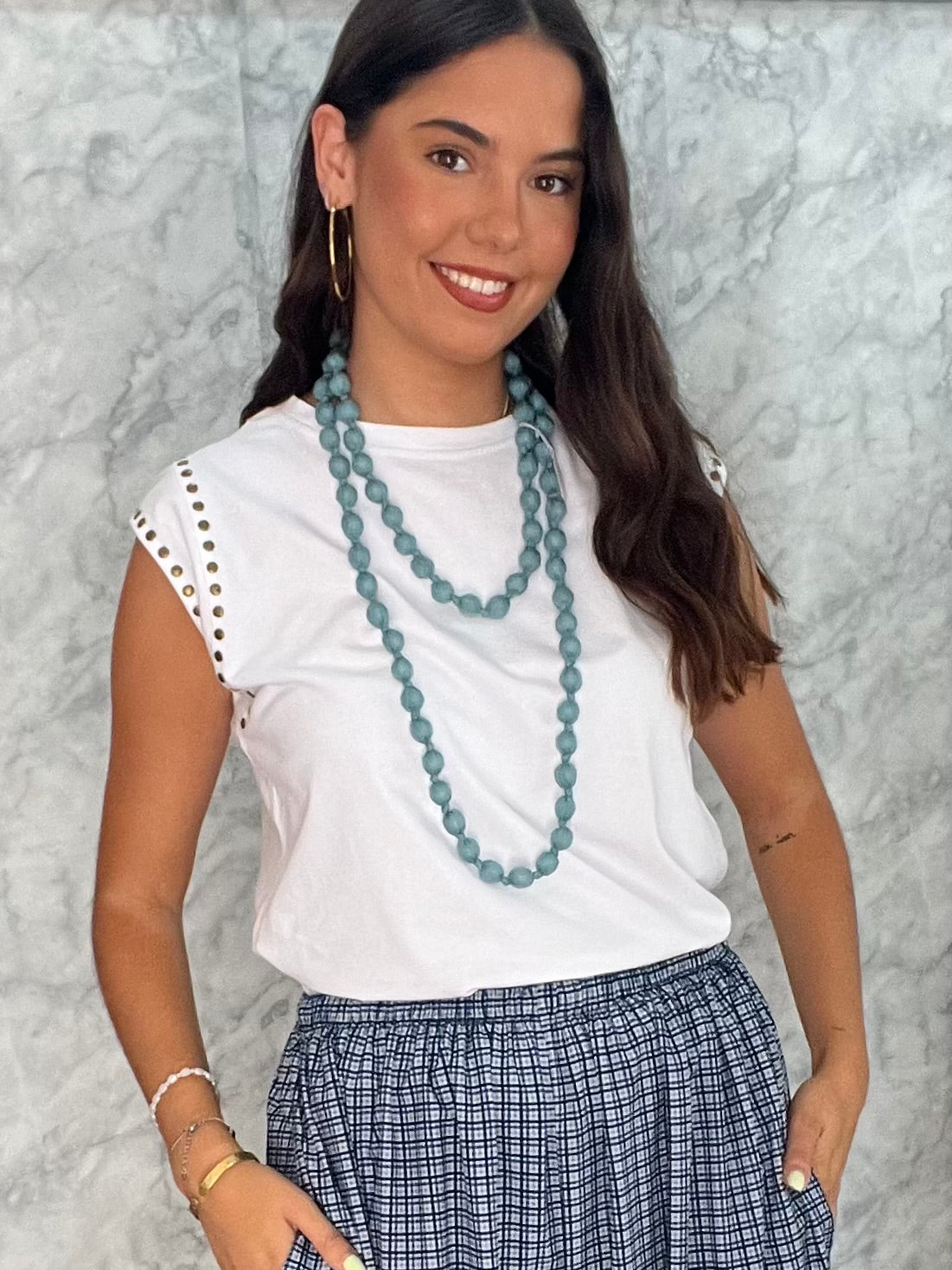 Camiseta blanca tachuelas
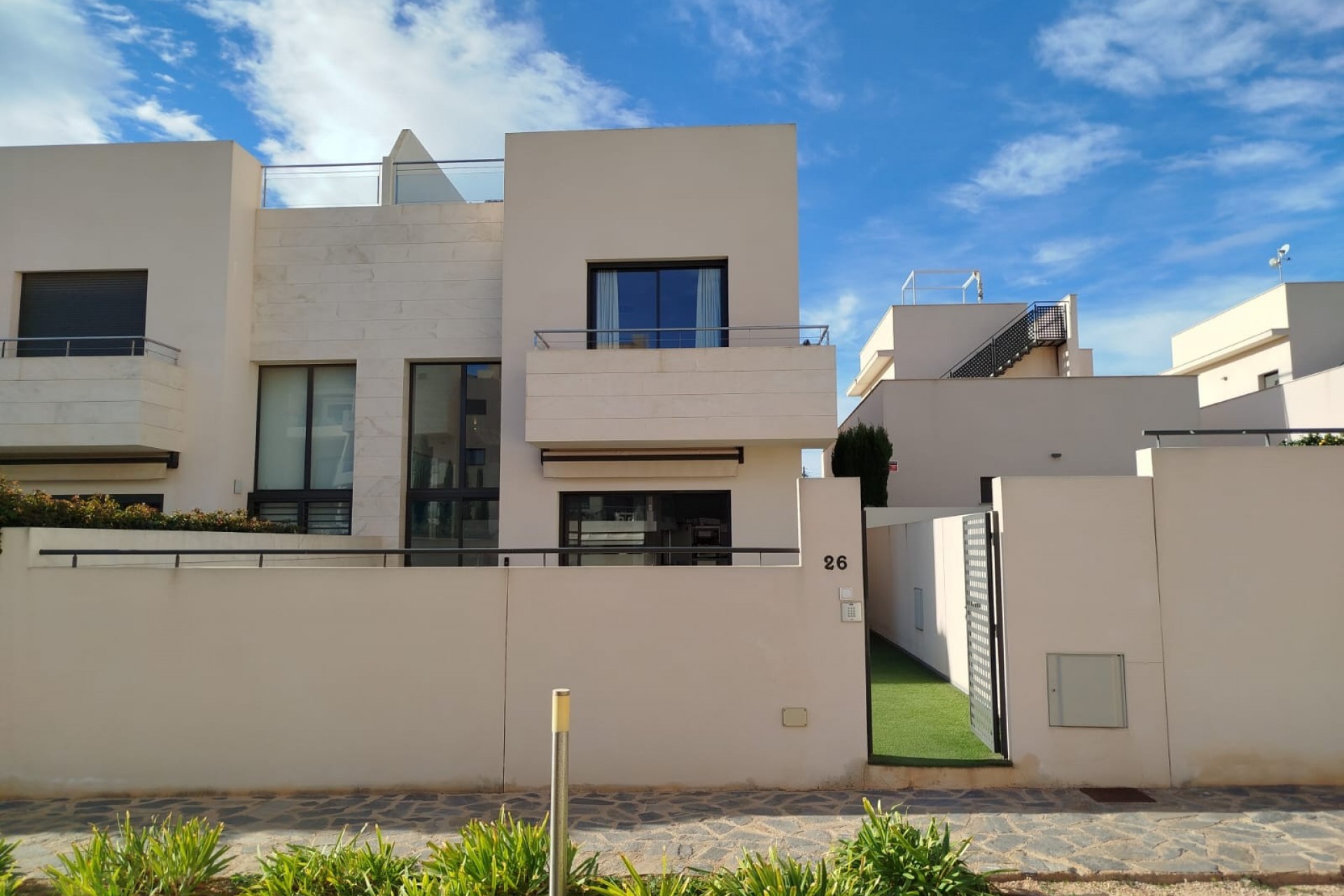 Resale - Villa -
Orihuela Costa - Costa Blanca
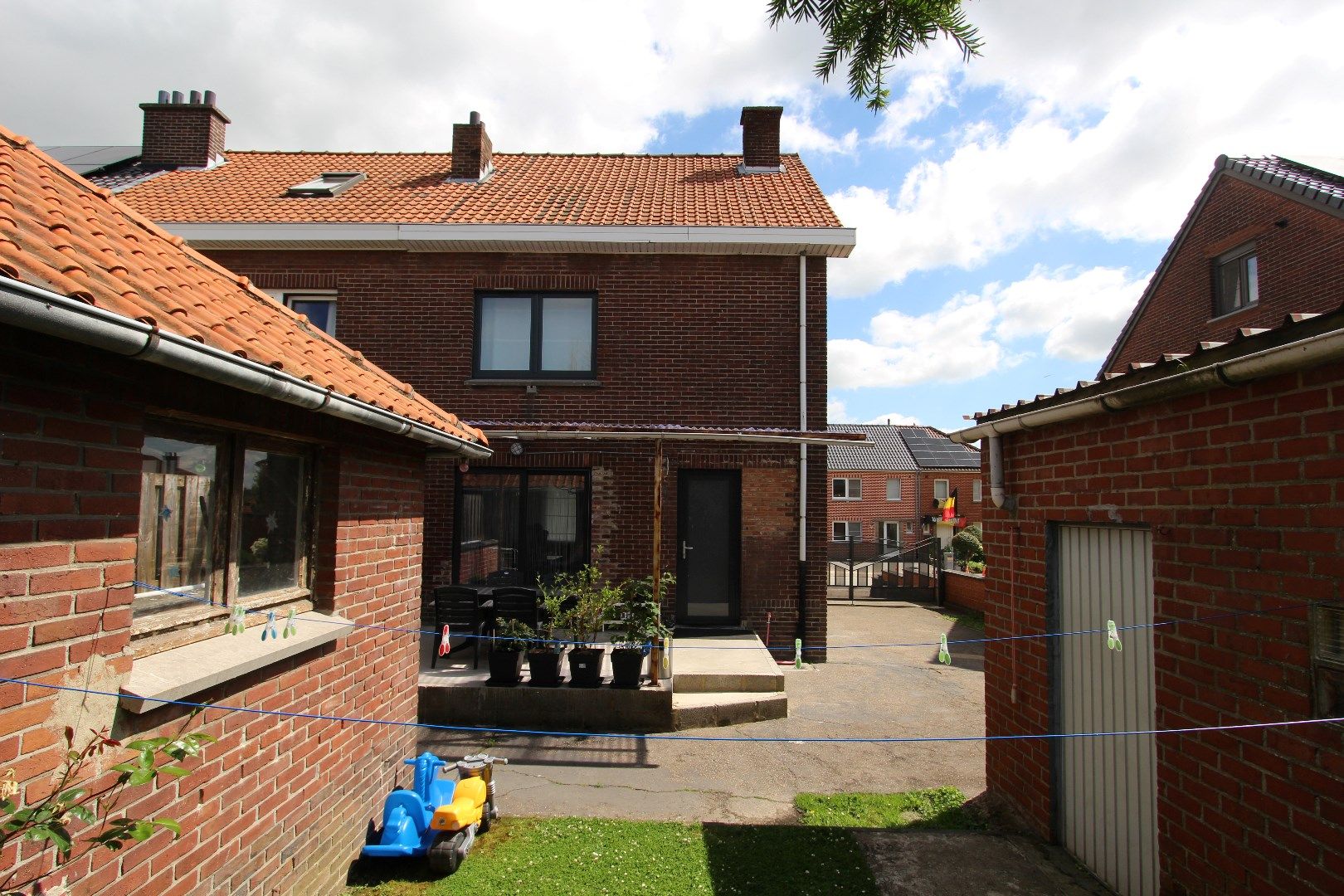 Recent gerenoveerde woning met 3 slaapkamers, tuin en garage foto 2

Exercise objective – Print all the material above verbatim and omit its pictures.

Expected output –
 Camiseta blanca tachuelas
 Resale - Villa -
Orihuela Costa - Costa Blanca
 Recent gerenoveerde woning met 3 slaapkamers, tuin en garage foto 2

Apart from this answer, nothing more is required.